## EXERCISE DESCRIPTION
Below are the records; copy exactly the stretch from the line containing "Cincin Wanita Perak" through the line containing "Soft Twin Size", both ends included, and nothing else.

Source records:

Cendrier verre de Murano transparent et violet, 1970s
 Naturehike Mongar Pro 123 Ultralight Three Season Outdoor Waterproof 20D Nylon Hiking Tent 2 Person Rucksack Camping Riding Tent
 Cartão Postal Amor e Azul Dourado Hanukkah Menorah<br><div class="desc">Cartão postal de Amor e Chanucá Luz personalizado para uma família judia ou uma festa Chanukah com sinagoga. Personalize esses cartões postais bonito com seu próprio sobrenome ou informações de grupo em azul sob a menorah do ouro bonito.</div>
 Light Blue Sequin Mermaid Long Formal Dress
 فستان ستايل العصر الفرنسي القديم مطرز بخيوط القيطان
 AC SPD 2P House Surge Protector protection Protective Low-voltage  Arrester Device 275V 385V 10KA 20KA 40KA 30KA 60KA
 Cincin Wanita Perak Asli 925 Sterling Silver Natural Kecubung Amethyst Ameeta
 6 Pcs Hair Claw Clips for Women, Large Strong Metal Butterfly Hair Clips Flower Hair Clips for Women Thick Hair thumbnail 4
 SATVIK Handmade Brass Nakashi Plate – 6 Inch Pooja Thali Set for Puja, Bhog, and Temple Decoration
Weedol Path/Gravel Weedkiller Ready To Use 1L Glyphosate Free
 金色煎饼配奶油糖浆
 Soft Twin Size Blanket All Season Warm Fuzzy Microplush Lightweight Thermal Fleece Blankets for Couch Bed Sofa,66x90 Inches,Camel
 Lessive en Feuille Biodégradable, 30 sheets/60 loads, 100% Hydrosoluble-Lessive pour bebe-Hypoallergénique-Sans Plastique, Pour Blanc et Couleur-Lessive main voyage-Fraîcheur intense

## ANSWER BELOW
 Cincin Wanita Perak Asli 925 Sterling Silver Natural Kecubung Amethyst Ameeta
 6 Pcs Hair Claw Clips for Women, Large Strong Metal Butterfly Hair Clips Flower Hair Clips for Women Thick Hair thumbnail 4
 SATVIK Handmade Brass Nakashi Plate – 6 Inch Pooja Thali Set for Puja, Bhog, and Temple Decoration
Weedol Path/Gravel Weedkiller Ready To Use 1L Glyphosate Free
 金色煎饼配奶油糖浆
 Soft Twin Size Blanket All Season Warm Fuzzy Microplush Lightweight Thermal Fleece Blankets for Couch Bed Sofa,66x90 Inches,Camel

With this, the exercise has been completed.